俺たちの親父の世代くらいに、バイクで北海道をツーリングするのが流行ったみたいで、大地をトコトコトコトコトコトコ走るところからカニ族って呼ばれてたんだそうだ。
そういう金のないライダーたちを1000円とかの格安料金で泊めていたのがライダーハウスで、どこも個性的な人たちが集まる空間だ。
今の時代でも、30年前にカニ族だったおじさんが、仕事を定年して当時の旅をしようとバイクにまたがり、北海道にやってきてこうしたライダーハウスに泊まっている。
年季の入ったライダーさんたちが若いライダーたちに、俺たちの時代はなぁ!!とバイク旅のなんたるかを語りまくってウザがられてるという構図がライダーハウスあるあるだ。
「あ、そういえば利尻のなんとかってユースでは、毎日夕方になると泊まってる奴ら集めて夕日に向かって『落陽』歌うらしいぞ。兄ちゃん行ったら喜ばれるぞー。」
んー、ナイスな情報ゲット。
やっぱり地元の人と話さないと旅の情報は手に入らないよな。
それからもワイワイ話し込み、気が付けばもう0時を過ぎていた。
「俺はまともに仕事始めたのは30歳すぎてからだからな。兄ちゃんも焦らないでやりたいこと残らずやってしまいなよ。」
別れを告げ、外に出て車を走らせる。
初日からこんないい出会いがあるなんてな。
まったく幸先がいい。
北海道は出会いの宝庫だ。
翌日は新冠町の道の駅で目を覚ました。
レ・コード館といって60万枚ものレコードをものすごく高価な機材で聴くことができるという施設があるようだが、まぁそこは遠慮して、道の駅で情報収集をしていると面白いチラシを発見した。
『遊○仙人ライダーハウス、宿泊千円、主も旅人なのでいないときは勝手に泊まっていってください。』
おいおい、熱いなこれ。
しかもこの近く。
行くしかねぇ。
古ぼけた集落の中を走り、どこかなーとキョロキョロしていると、それらしき建物を見つけた。
建物というか小さなガレージ。
おそるおそる中に入ると2階が広間になっており、何組かの布団がたたんである。
仙人はおらず、ライダーもちょうど今日は誰も泊まっていないようだった。
壁中にライダーのメッセージが書き殴ってあり、雑記帳が何冊も積み上がっている。
『今年で3年目。また来ちゃいました!!』
『仙人とお話できてなんか吹っ切れました。』
『俺の人生ブレーキなし!!』
若い旅人たちの、若いメッセージ。
んー、沖縄を思い出すこのノリ。
ここでたくさんの旅人たちが出会い、旅話を語り合っているんだろうな。
そうそう、雑記帳の中にこんなメモもあった。
『募金箱に10万入れたの僕です。』
ここでの募金は全てユニセフに寄付されてるらしい。
こんなイカす場所が北海道にはいくつもあるんだろうな。
その中のひとつに、富良野の旅人バスもなっていけたらいいな。
どこもかしこも馬だらけの牧場地帯を走りぬけ、平取町というところにやってきた。
この町は義経伝説の残る町らしく、義経神社なるものに行ってみた。
つつじの咲き誇る境内。
北海道にして歴史のありそうな神社だ。
義経といえば牛若丸。
源平合戦で大活躍したものの、あんまり周りから人気があるもんだから兄貴の頼朝が嫉妬して勘当。

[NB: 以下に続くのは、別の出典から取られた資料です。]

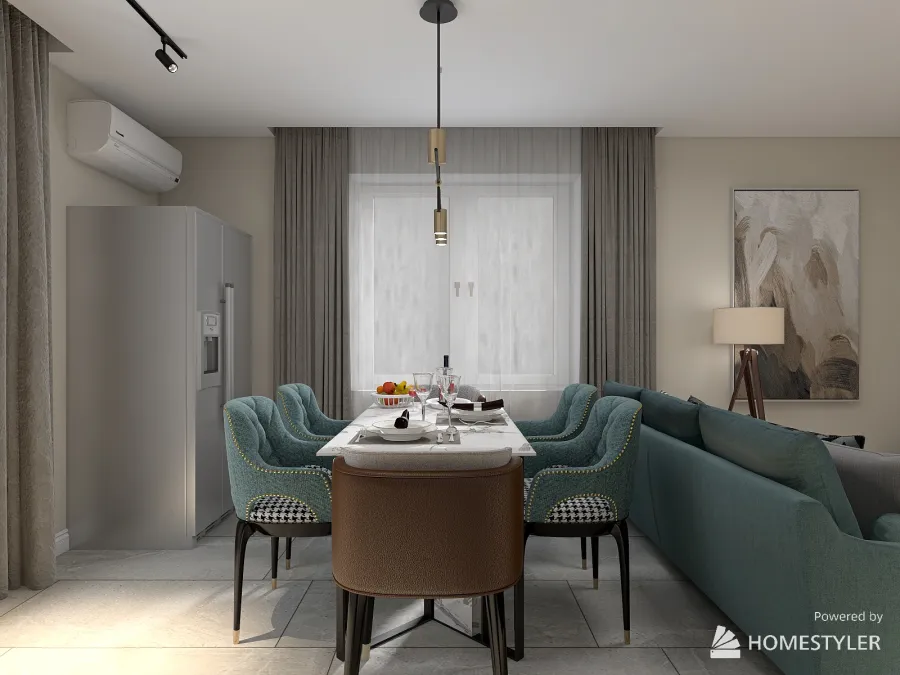 Кухня-гостиная г.Бор 3d design renderings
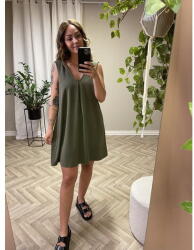 VERO MODA Trapéz ruha, Size L, khaki, poliészter (472799)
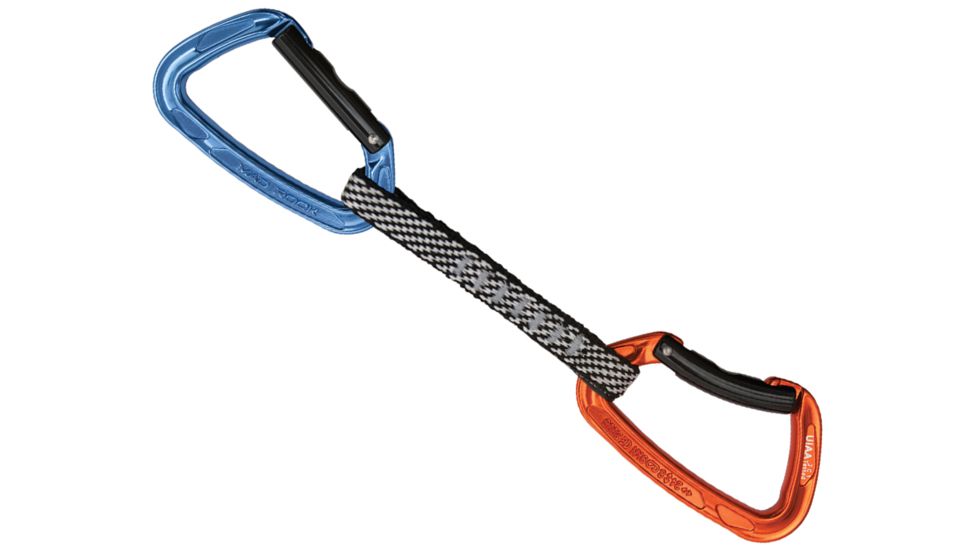 Mad Rock Super Tech Keylock Quickdraw -Blue/Orange-10 cm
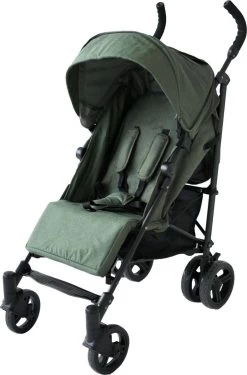 Prénatal Luxe Buggy – Kinderwagen Met Boodschappenmand En Zonneklep - Verstelbare Wandelwagen – Inklapbaar Met 1 Hand - Plooibuggy Groen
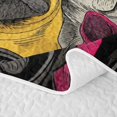 thumbnail image 5 of Homewish French Bulldog Dog Bed Spread Queen,Pet Themed Queen Coverlet Set,Pink Yellow Blue,3-Piece, 5 of 7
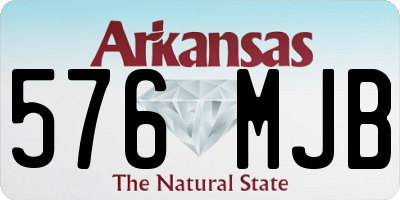 AR license plate 576MJB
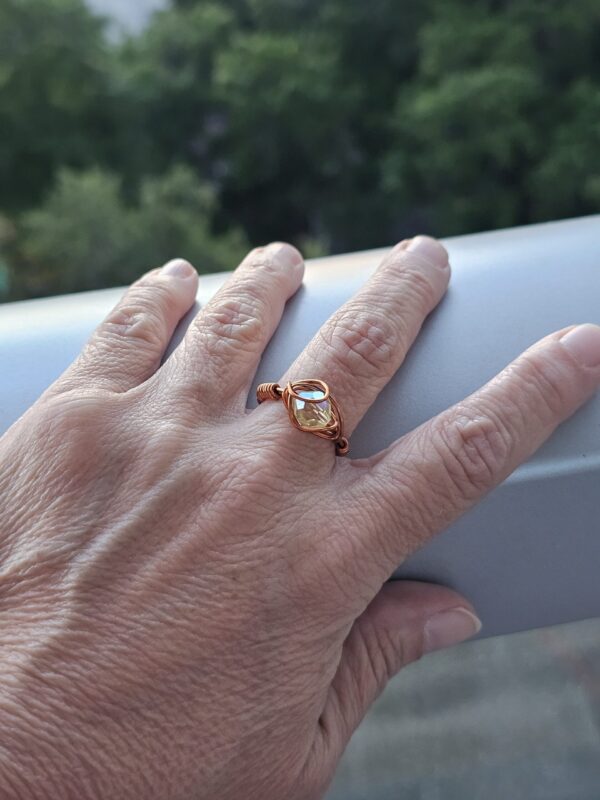 Lemon Drop Glass Ring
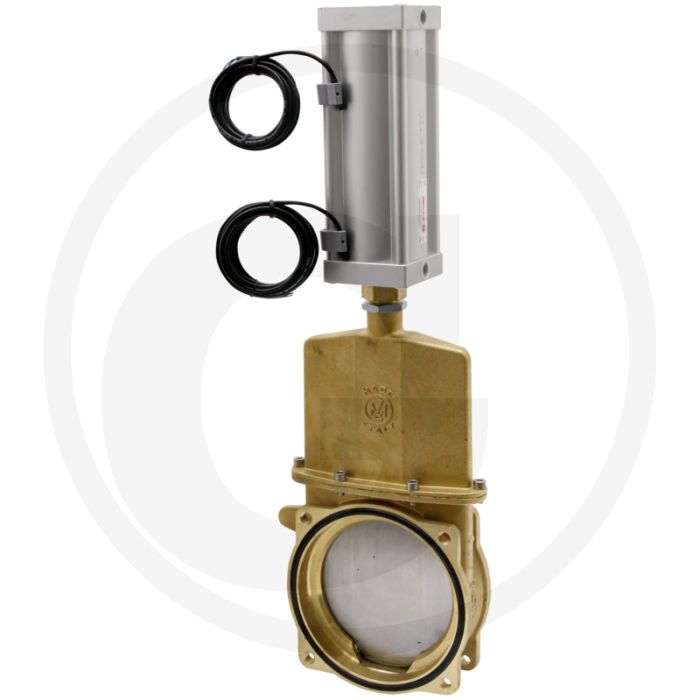 MZ Mestafsluiter Art.0080/0571, 4", Pneumatisch dubbelwerkend, NW 90mm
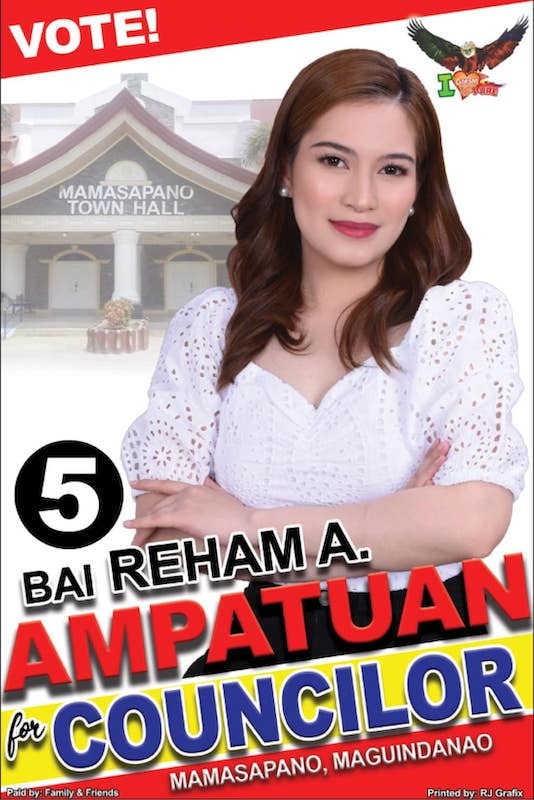 Portrait of Sharmaine Reham Ampatuan Ampatuan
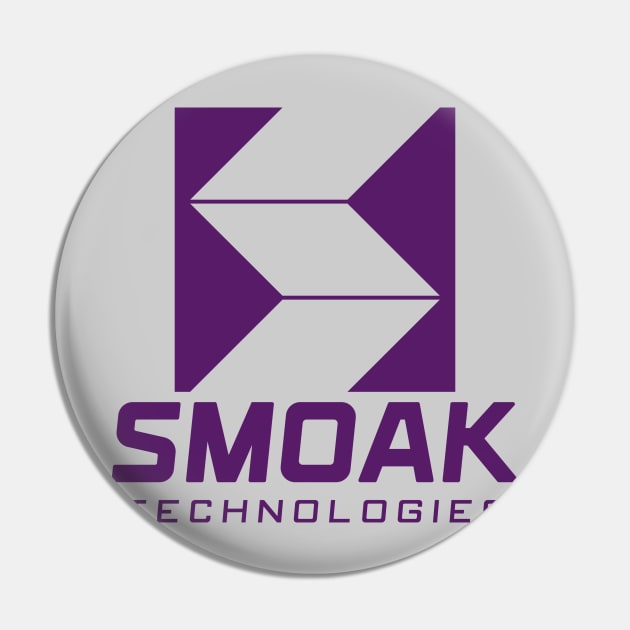 Smoak Technologies - Star City 2046 - Purple Pin by fenixlaw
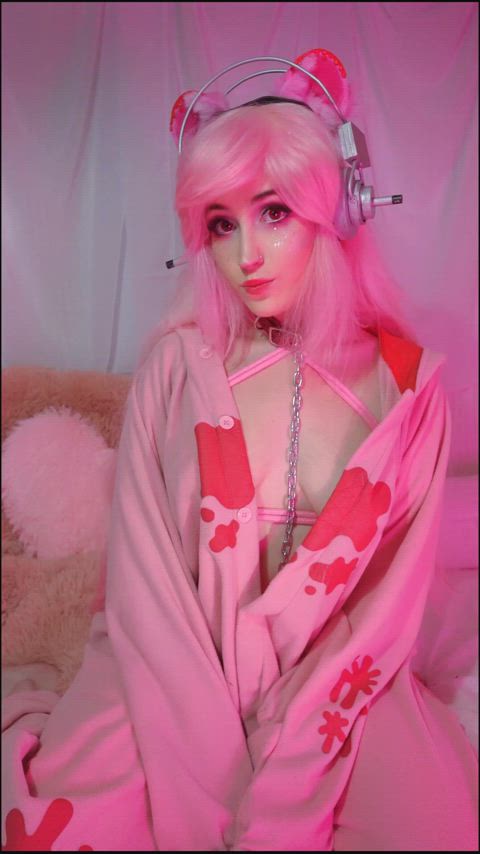 cosplay egirl monster girl onlyfans tiktok topless clip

奥州藤原氏のところに身を寄せるが裏切られてそこで死ぬ。
弁慶の立ち往生も有名な話だ。
とまぁ、これが一般的な史実。
でもそこで死んだのは影武者で本物は生き延びたって説も結構有力だ。
生き延びた義経はそのまま東北を北上し蝦夷地に渡り、この平取にやってきてアイヌの人たちに武術や農作業を教えたりした後で、若者を引き連れ大陸に渡り、アジアの大半を征服したジンギスカンになったという。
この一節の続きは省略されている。